Context, Context, Context
SYMBOLICALLY SPEAKING, EATING FLESH AND DRINKING BLOOD WAS ALWAYS USED IN A NEGATIVE WAY IN THE OLD TESTAMENT (PSALM 27:2; ISAIAH 9:20; 49:26; MICAH 3:3; 2 SAMUEL 23:17), AS IN DESTROYING, REVILING OR ASSAULTING AN ENEMY. SINCE THAT IS THE SYMBOLIC MEANING, WOULDN’T JESUS’ WORDS IN JOHN 6 MEAN, “HE WHO REVILES OR ASSAULTS ME HAS ETERNAL LIFE”? THIS, OF COURSE, IS ABSURD. IT MAKES FAR MORE SENSE IF LITERAL.
These terms were indeed used in that way in some Old Testament passages. But this argument is assuming that there can only be one symbolic interpretation possible for phrases that are similar. Jesus sets the context for us in John 6 and it is certainly not the same context as those Old Testament verses mentioned.

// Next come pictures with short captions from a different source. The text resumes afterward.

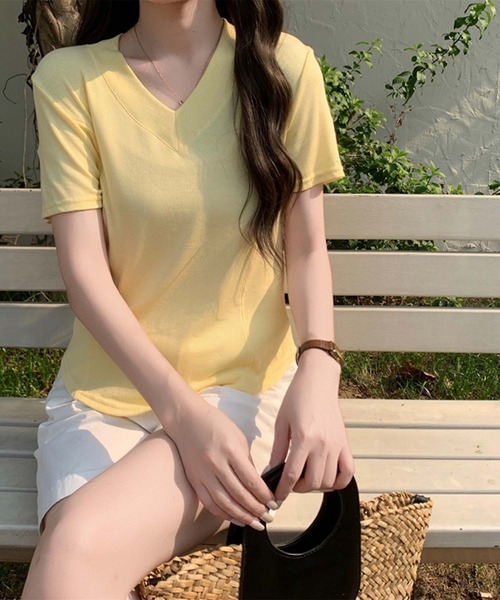 LAFFMO（ラフモ）の「Vネック半袖カットソー（Tシャツ/カットソー・レディース・ブルー/イエロー/ベージュ/グレー/ブラック/ホワイト・F）」の12枚目の写真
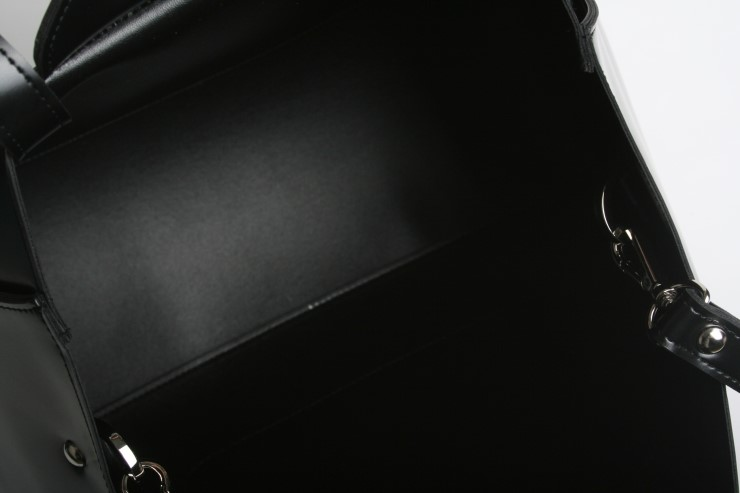 <b><p>Mont du Bai diaper bag with inn rice</p></b><b><p>モンデュベクおむつバッグインナー白米を含む</p></b><br /><br /><p align='center'>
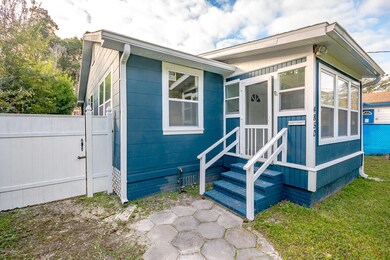 4850 Sunderland Rd, Jacksonville, FL 32210 - photo 5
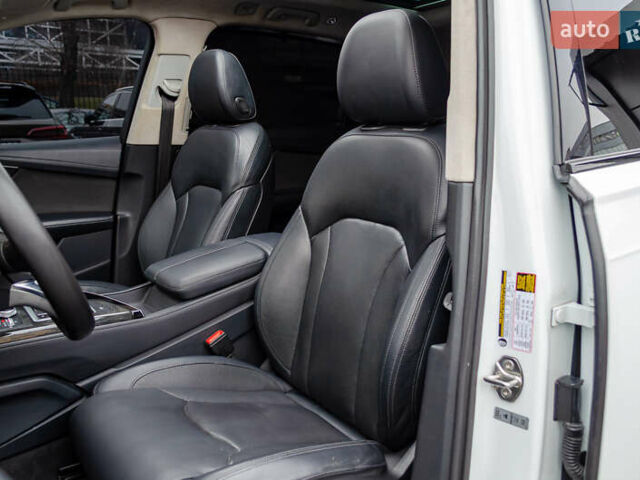 Белый Ауди Ку 7, объемом двигателя 3 л и пробегом 167 тыс. км за 24999 $, фото 28 на Automoto.ua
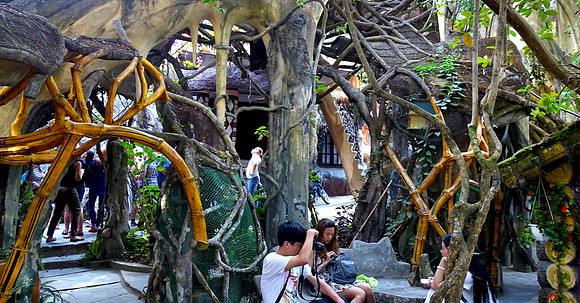 Hang Nga Guesthouse - "The Crazy House"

Those contexts were about war, mistreatment, judgment and punishment, NONE of which have to do with Jesus’ meaning here. To limit the meaning of Jesus’ words to “destroying, reviling, or assaulting” as the only possible symbolism, is to utterly ignore the overall context, as well as to ignore the very symbolism used within it.
So, what DID Jesus really mean when He said to “eat My flesh” and “drink My blood” if He wasn’t referring to the Eucharist? He was referring to His work on the cross, where His body would be “broken” (like bread) and His blood would be “poured out” (like wine). In this context, to “eat” and “drink” (spiritually and symbolically) means to PARTAKE OF, to ACCEPT, to BELIEVE, to TRUST IN His work at Calvary.
He Didn’t Say…
CATHOLIC CLAIM – DURING THE LORD’S SUPPER, JESUS NEVER SAID, “PRETEND THAT THIS IS MY BODY AND BLOOD,” AND HE DIDN’T SAY, “THIS IS LIKE MY BODY AND BLOOD.” HE SAID, “THIS IS MY BODY AND BLOOD.” THIS PROVES HE WAS BEING LITERAL.
He also said, "I AM the vine..." (John 15:5), "I AM the light of the world..." (John 8:12), "I AM the good Shepherd..." (John 10:11), and "I AM the door..." (John 10:7). Does anyone think that any of these statements were meant physically and literally? Hardly. He didn't say, "PRETEND that I am the vine," etc., in these contexts either. But how are any of these statements any different from, "I AM the Bread of Life..." (John 6:35)? The point is, they’re not any different…they’re all symbolic.
By the way, if Catholics want to be specific about which words were NOT used at the Last Supper, it can be pointed out that neither did He use the words “miracle,” “changed,” “soul and divinity,” “real presence,” “to make present,” “RE-presented,” or “merits grace.” He doesn’t call the bread or wine a “propitiation” or a “sacrament,” much less a “sacrament of redemption.” And He mentions nothing of a “priesthood.” The Catholic Church connects ALL of these with the Eucharistic Mass, but the biblical accounts of the Last Supper mention NONE of these. Many extraordinary claims, but no proof.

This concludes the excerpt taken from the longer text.